いつかこの日々を思い出してきっと泣いてしまう

文学パパが綴るかけがえのない日常

嬉しい話

娘の熱が下がった、と妻から報告があった。

 

仕事中にその知らせを聞き、私は舞い上がる思いだった。食欲も順調に回復しているらしい。夜にはビデオ通話で久しぶりに楽しいやり取りもできた。ここまでくれば、もう大丈夫そうだ。

 

さて、嬉しい話と言えば、昨日は会社でもそんな話があった。ただ、正確に言うと『半分は嬉しい話で、半分は恐い話』だ。

 

現在、私は会社で大きな『部』の中の、ある『部門』に所属している。『部』は全体で500人規模の組織だ。

 

なんでも、その『部』の長、つまり『部長』の口から、最近よく私の名前が飛び出すらしい。

 

一昨日も、来年度の事業計画を策定している中で、うちの部門長らが部長に相談に入った際、私の名前を口にしたようだ。

 

そのときは目玉施策の話をしていたそうだ。部門長らは、主管となるメンバーの割り当て案も一緒に見せていたようなのだが、そこで「いや、これは彼にやらせよう」と、私を指名してきたらしい。

 

その話を聞いたときには、私は素直に嬉しい気持ちになった。娘の体調が治ってきたら、妻にも話して自慢しよう、そんなことさえ暢気に考えていた。

 

しかし昨日の昼食時、また課長と部門長から新たな話を聞いた。なんでも、その日の朝の管理者ミーティングの中で、再び部長の口から私の名前が出たらしい。

 

詳しく聞いてみると、私の所属ではない別の部門に、難しい大きな案件が舞い込んできたと。
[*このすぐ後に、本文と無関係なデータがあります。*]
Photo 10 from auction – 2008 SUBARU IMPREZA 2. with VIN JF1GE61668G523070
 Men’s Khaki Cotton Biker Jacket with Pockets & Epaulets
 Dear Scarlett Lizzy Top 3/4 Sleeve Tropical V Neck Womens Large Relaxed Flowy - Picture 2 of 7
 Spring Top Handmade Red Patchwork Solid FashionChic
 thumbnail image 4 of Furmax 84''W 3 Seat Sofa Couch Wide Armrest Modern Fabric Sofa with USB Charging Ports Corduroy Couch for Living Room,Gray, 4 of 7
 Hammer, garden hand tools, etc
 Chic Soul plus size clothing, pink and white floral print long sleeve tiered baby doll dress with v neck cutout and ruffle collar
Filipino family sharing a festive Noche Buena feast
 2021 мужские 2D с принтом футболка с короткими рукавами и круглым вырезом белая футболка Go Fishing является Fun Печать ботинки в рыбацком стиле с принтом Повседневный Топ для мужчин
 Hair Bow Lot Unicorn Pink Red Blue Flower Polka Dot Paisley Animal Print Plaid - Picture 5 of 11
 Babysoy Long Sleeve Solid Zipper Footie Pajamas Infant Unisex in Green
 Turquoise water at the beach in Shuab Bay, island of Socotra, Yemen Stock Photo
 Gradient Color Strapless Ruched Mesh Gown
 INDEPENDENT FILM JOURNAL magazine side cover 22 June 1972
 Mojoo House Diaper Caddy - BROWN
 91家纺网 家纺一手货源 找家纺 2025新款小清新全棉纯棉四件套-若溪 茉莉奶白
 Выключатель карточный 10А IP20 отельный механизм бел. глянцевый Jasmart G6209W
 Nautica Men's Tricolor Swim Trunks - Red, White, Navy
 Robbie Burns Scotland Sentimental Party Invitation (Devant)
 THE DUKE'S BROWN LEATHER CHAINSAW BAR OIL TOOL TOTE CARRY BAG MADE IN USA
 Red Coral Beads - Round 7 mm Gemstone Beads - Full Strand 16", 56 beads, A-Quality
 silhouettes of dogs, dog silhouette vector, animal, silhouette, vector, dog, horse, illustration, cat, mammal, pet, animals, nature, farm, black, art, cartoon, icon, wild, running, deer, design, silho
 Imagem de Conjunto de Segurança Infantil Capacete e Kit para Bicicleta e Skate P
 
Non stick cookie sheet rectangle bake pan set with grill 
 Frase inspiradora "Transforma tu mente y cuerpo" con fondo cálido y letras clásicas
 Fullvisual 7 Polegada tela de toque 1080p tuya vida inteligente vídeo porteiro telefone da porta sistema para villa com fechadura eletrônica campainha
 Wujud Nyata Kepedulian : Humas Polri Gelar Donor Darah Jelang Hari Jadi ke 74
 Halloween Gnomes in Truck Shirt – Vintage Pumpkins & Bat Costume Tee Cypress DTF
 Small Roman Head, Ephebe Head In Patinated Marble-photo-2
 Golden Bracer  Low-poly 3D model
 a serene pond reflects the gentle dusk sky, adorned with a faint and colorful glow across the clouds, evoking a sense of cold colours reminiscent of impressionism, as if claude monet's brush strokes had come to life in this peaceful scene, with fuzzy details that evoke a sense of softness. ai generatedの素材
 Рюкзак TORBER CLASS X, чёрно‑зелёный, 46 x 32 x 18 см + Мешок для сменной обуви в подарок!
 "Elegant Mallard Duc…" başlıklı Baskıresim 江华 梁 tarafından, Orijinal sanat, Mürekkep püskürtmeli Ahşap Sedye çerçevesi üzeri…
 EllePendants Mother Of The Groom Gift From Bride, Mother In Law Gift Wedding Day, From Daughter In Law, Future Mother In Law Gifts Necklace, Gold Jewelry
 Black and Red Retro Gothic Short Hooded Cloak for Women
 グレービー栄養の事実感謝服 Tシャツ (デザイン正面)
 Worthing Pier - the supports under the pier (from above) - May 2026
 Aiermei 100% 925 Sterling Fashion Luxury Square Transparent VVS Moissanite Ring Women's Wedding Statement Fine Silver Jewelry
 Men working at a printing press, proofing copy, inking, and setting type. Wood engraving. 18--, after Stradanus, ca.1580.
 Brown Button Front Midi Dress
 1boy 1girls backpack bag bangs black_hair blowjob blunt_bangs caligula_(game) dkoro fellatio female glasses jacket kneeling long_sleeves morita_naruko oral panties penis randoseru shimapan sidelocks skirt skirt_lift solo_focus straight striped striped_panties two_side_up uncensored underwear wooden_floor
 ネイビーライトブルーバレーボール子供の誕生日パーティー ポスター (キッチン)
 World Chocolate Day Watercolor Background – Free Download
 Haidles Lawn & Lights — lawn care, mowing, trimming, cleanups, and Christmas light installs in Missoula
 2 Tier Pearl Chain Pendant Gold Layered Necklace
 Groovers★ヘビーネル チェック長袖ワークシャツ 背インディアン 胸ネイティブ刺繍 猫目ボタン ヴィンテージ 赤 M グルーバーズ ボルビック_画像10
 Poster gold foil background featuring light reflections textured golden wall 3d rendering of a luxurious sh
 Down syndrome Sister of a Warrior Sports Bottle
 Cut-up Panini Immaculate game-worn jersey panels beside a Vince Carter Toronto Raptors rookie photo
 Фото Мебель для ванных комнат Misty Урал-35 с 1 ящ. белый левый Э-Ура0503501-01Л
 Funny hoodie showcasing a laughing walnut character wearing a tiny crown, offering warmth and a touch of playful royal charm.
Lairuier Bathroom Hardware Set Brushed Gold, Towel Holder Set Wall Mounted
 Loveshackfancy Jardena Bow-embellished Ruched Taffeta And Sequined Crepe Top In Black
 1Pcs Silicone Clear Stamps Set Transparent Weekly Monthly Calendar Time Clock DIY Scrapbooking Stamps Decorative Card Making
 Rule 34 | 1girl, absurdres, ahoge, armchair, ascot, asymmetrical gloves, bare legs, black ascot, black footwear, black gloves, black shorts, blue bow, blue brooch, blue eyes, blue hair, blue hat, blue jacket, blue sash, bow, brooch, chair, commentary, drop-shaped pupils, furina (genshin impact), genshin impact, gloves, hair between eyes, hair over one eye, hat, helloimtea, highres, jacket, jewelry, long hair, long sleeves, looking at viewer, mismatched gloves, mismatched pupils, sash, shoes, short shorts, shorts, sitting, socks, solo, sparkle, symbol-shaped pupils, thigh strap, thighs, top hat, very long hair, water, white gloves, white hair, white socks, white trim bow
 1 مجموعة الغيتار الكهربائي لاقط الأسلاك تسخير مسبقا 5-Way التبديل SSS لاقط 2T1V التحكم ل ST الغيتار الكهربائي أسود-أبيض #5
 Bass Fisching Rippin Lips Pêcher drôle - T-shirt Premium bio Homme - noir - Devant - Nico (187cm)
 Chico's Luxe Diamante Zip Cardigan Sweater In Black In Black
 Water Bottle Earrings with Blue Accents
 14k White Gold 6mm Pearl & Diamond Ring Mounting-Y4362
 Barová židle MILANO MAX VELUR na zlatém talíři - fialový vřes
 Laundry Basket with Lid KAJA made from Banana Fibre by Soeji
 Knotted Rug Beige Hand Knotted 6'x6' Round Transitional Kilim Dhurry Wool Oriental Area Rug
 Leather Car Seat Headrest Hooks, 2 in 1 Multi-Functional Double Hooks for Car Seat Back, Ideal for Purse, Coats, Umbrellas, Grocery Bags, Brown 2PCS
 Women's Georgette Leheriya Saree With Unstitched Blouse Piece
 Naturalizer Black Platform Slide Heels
それをどう進めるかという話になった際、「それなら彼にやらせよう」と、またもや部長が私の名前を挙げたそうなのだ。

 

さすがに今回は暢気に喜んではいられない。ついに自分の管轄外となる他部門の案件にまで、名前が挙がりはじめたのだ。部長は私の所属を理解していないのか?それとも単に「暇そうにしている奴」と思われているのではなかろうか?そんな疑念すら頭をよぎった。

 

しかも課長の話では、私の名が挙がっている施策をすべて合わせると、既にひとりでは到底持ちきれないようなボリュームになるらしい。

 

部門長と課長は「もうこれは、来年度から部長の隣に席を並べて“直属の特命社員”として働かされるかもね」と、笑いながら言っていた。

 

そこで私も調子を合わせ、課長に向かい「短い間でしたがお世話になりました」と、しおらしく頭を下げてみたのだが、「あほ、当然今の担当とも兼務じゃ」と、見事に言い返されてしまった。

 

まぁ、組織のトップに名前が売れること自体は、評価や昇進を考えれば悪いことではないのだろう。しかし、その期待を裏切るようなことになれば・・・いや、そこから先は考えまい。

 

どちらにせよ、私は企業戦士サラリーマン。上の決定には、原則として従うほか選択肢は無いのだ。